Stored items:
'''
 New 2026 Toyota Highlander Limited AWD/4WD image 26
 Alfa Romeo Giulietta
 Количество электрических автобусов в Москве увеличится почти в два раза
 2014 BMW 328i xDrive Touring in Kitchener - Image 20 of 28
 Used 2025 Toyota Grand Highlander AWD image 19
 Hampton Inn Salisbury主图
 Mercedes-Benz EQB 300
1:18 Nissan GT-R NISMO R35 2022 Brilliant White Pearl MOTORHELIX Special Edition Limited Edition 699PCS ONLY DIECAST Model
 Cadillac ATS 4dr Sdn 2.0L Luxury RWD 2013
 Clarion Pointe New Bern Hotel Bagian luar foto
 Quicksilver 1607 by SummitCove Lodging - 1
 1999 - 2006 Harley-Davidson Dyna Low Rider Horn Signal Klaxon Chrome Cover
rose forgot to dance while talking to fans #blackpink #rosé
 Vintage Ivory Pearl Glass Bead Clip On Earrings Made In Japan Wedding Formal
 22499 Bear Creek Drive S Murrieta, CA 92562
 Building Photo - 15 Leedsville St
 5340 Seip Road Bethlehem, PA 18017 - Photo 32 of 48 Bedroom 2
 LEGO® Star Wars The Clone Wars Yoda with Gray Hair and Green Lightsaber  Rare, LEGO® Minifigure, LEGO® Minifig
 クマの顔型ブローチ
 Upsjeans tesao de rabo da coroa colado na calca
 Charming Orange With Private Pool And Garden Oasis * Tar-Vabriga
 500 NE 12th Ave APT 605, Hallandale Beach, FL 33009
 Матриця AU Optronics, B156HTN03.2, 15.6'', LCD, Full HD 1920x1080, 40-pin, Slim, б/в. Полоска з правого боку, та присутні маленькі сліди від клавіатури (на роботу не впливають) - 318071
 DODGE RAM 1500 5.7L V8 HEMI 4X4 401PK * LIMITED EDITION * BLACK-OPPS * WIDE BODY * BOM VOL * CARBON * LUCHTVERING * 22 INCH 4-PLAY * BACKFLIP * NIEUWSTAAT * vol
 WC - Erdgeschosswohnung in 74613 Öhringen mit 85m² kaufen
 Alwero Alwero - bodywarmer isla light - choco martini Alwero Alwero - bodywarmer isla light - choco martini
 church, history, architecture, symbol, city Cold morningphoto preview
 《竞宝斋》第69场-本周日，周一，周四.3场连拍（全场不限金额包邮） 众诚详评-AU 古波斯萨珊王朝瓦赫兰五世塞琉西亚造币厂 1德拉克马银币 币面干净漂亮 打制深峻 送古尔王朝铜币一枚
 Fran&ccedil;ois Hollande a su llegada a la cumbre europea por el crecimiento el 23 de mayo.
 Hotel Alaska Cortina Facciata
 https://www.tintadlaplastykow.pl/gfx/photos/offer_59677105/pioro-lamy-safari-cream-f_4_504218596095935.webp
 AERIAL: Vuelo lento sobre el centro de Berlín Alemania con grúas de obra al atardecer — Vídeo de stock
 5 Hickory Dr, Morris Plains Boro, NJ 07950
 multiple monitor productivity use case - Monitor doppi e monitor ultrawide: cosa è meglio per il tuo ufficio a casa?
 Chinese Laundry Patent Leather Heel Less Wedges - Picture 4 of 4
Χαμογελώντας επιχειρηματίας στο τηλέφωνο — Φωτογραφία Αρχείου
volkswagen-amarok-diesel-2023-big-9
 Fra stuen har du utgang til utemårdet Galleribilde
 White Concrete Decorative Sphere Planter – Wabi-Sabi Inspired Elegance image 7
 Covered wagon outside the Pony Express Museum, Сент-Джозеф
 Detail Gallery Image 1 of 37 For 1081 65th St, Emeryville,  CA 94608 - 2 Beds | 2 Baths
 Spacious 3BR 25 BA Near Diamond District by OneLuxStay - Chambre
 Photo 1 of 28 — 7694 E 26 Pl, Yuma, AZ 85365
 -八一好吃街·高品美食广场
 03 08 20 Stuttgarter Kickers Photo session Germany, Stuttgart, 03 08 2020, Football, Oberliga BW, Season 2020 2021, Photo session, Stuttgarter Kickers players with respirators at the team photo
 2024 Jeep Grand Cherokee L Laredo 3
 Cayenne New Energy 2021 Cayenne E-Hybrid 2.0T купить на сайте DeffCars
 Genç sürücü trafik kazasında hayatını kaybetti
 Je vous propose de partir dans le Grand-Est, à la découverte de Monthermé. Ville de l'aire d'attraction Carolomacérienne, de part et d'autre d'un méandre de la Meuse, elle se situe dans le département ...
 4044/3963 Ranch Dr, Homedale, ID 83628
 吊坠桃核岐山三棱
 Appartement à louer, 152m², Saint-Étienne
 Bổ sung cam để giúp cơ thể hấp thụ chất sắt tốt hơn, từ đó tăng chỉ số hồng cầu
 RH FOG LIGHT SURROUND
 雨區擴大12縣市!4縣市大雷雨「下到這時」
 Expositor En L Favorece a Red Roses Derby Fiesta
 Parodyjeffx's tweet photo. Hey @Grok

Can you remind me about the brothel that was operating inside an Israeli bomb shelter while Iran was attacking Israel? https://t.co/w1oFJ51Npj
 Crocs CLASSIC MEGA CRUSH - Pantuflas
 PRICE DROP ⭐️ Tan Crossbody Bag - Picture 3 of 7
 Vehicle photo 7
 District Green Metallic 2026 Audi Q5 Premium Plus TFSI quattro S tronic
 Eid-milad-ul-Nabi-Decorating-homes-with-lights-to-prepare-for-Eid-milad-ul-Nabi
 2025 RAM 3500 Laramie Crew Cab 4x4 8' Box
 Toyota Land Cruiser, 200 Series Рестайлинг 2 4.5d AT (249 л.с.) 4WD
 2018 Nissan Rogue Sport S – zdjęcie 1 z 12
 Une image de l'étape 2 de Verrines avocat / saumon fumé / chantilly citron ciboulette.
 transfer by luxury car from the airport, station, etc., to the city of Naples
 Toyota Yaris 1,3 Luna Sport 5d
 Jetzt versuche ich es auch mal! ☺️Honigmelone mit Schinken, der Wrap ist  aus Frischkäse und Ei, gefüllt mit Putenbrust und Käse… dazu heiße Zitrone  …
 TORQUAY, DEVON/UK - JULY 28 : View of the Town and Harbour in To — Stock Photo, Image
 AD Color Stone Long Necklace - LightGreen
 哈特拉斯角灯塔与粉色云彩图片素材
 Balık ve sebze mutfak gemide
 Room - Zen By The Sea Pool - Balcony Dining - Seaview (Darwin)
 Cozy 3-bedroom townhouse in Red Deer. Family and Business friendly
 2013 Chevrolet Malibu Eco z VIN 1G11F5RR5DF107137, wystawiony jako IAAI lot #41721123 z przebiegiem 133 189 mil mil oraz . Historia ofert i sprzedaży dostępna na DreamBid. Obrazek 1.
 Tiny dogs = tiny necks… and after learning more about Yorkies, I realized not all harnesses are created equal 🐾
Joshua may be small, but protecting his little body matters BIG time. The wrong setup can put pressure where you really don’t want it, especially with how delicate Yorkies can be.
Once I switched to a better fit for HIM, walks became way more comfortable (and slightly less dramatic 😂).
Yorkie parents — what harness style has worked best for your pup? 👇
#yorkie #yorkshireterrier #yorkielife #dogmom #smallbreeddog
'''
- Problem details -
Looking back over the data above, restate word for word the lines that begin at the line with "Vehicle photo 7" and end at the line with "2013 Chevrolet Malibu", inclusive.

- Task result -
 Vehicle photo 7
 District Green Metallic 2026 Audi Q5 Premium Plus TFSI quattro S tronic
 Eid-milad-ul-Nabi-Decorating-homes-with-lights-to-prepare-for-Eid-milad-ul-Nabi
 2025 RAM 3500 Laramie Crew Cab 4x4 8' Box
 Toyota Land Cruiser, 200 Series Рестайлинг 2 4.5d AT (249 л.с.) 4WD
 2018 Nissan Rogue Sport S – zdjęcie 1 z 12
 Une image de l'étape 2 de Verrines avocat / saumon fumé / chantilly citron ciboulette.
 transfer by luxury car from the airport, station, etc., to the city of Naples
 Toyota Yaris 1,3 Luna Sport 5d
 Jetzt versuche ich es auch mal! ☺️Honigmelone mit Schinken, der Wrap ist  aus Frischkäse und Ei, gefüllt mit Putenbrust und Käse… dazu heiße Zitrone  …
 TORQUAY, DEVON/UK - JULY 28 : View of the Town and Harbour in To — Stock Photo, Image
 AD Color Stone Long Necklace - LightGreen
 哈特拉斯角灯塔与粉色云彩图片素材
 Balık ve sebze mutfak gemide
 Room - Zen By The Sea Pool - Balcony Dining - Seaview (Darwin)
 Cozy 3-bedroom townhouse in Red Deer. Family and Business friendly
 2013 Chevrolet Malibu Eco z VIN 1G11F5RR5DF107137, wystawiony jako IAAI lot #41721123 z przebiegiem 133 189 mil mil oraz . Historia ofert i sprzedaży dostępna na DreamBid. Obrazek 1.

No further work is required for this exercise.